Ultimately, with RFID, you can create truly end-to-end digital traceability for virtually any asset and its related movement, data, and processes. All you need is the right RFID hardware tags, and software to track and collect all the data you need and integrate it with your other systems.
6. Quality Assurance
RFID can also be an extremely useful tool for quality assurance, especially when you need to track items for inspection, quarantine, process step verification, or other quality concerns. You can tag any item or even entire pallets of parts or finished goods, and you can use a unique identifier and RFID’s wireless locating and tracking capabilities to keep track of what it is, where and why it’s been set aside for quarantine, inspection, or review, and then update its status and location once it’s been released, scrapped or sent for rework.
7. Security and Emergency Response
So far, we’ve talked about how companies are using RFID to track, trace, verify and locate inventory or assets. But RFID also has some really important applications when it comes to people and ensuring their safety and security.
For example, many companies use employee or visitor ID cards embedded with RFID chips to control access to facilities or hazardous areas or other places where only authorized individuals should be permitted. In order to gain access to the area, a person has to present their ID card or walk through a fixed reader portal, and their identity and authorized access is verified. Otherwise, access is denied.
Similarly, RFID-enabled ID cards can be used to track whether people have safely exited a location or facility in the event of an emergency such as an evacuation due to a chemical spill.
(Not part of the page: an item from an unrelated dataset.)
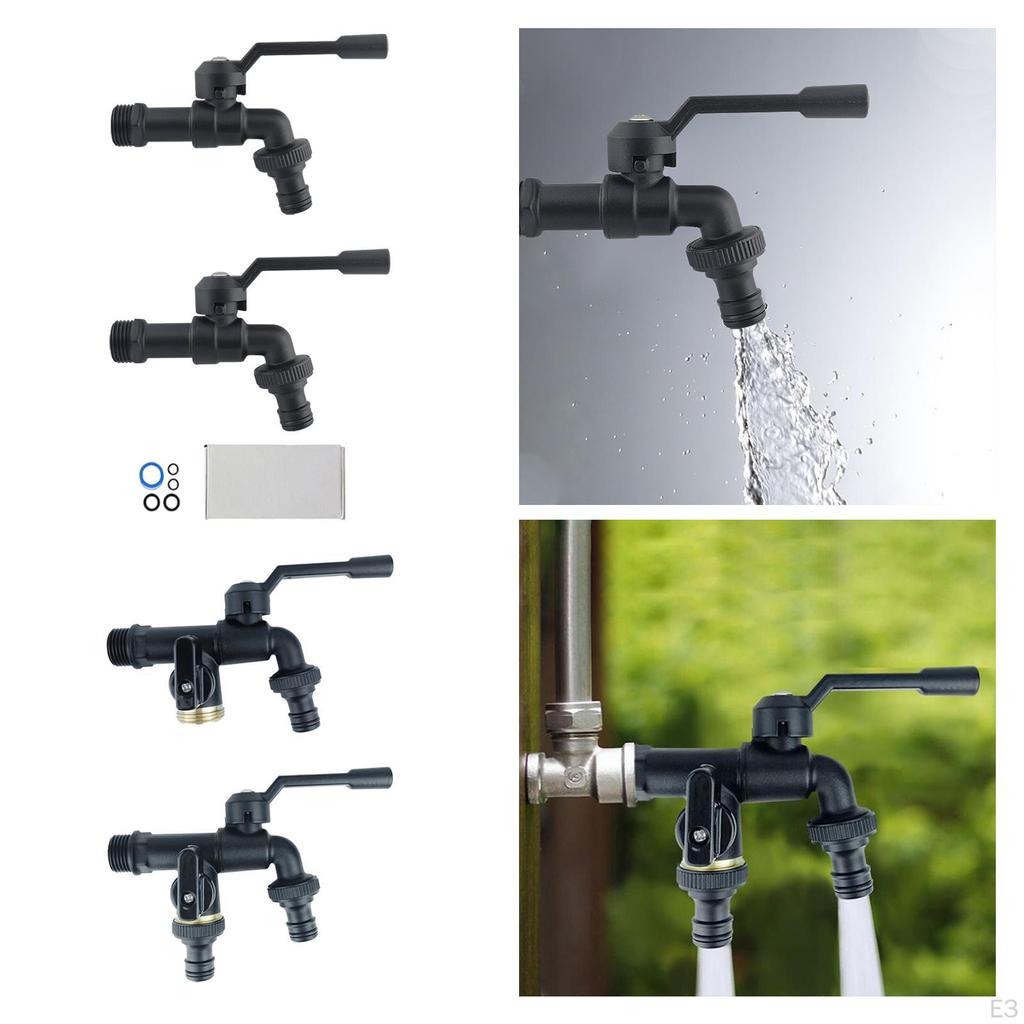 1 in 2 Out Outdoor Faucet Brass Simple to Use Cold Water Multipurpose Bibcocks for Hotel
Using RFID readers at entrances and exit points, plus some simple software, managers can see the last-known locations of any workers and verify whether they crossed a key threshold and are now safely where they should be outside the facility or other danger zone.
Exploring RFID and Potential Use Cases for Your Business
We’ve covered a lot in this article, and only at a relatively high level, so if you’d like to learn more about RFID, its potential applications and use cases, and whether this technology is right for you, feel free to reach out to our RFID experts for more information.
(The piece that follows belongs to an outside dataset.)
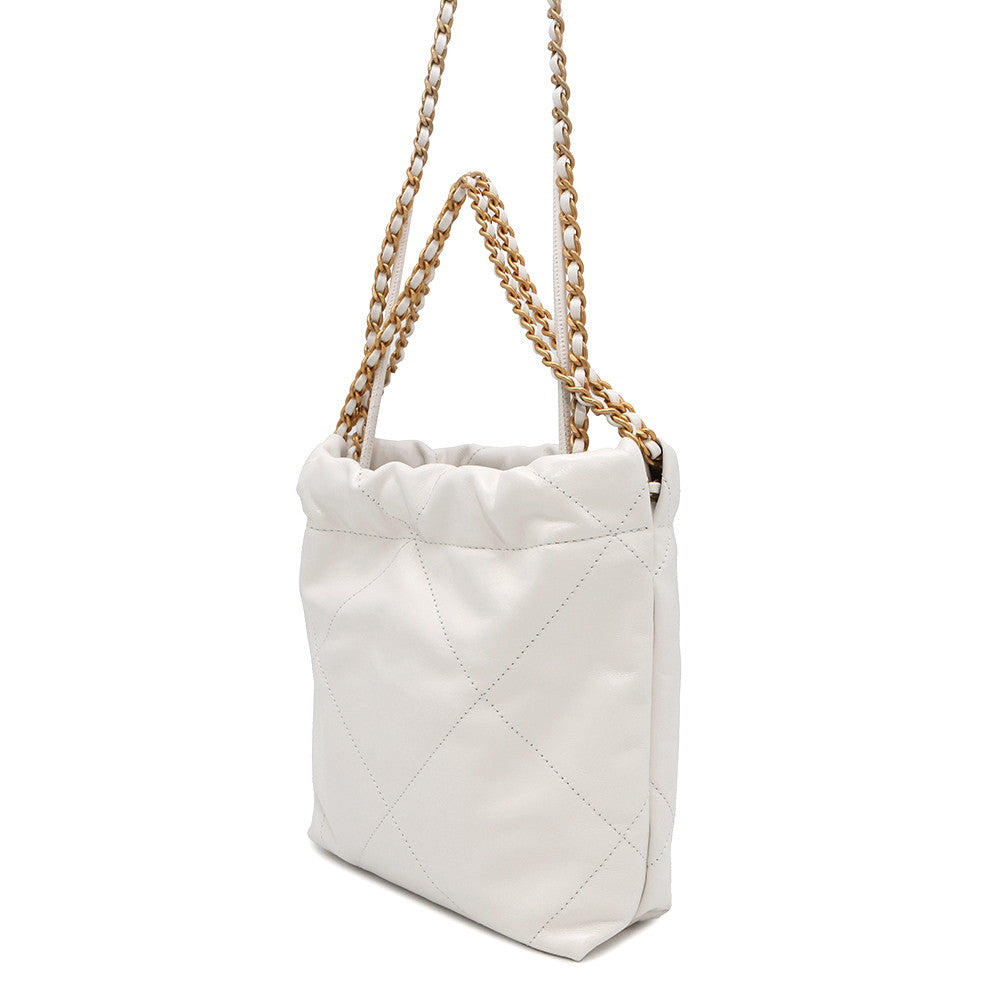 Chanel 22 WhiteAS3980 Shiny Calf Leather Shoulder Bag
We also have some quick infographics on How RFID Works and How Companies are Using It and the Advantages of RFID. You can also download our eBook: Now is the Time for RFID. But the best way to learn more and really explore RFID’s potential is to schedule a free consultation with us at your convenience.
We can provide a personalized overview of RFID based on your unique business challenges, help you understand whether RFID might help you tackle those challenges, and determine which use cases and technologies might be worth deeper explorations. To get started and schedule a consultation, just contact us now.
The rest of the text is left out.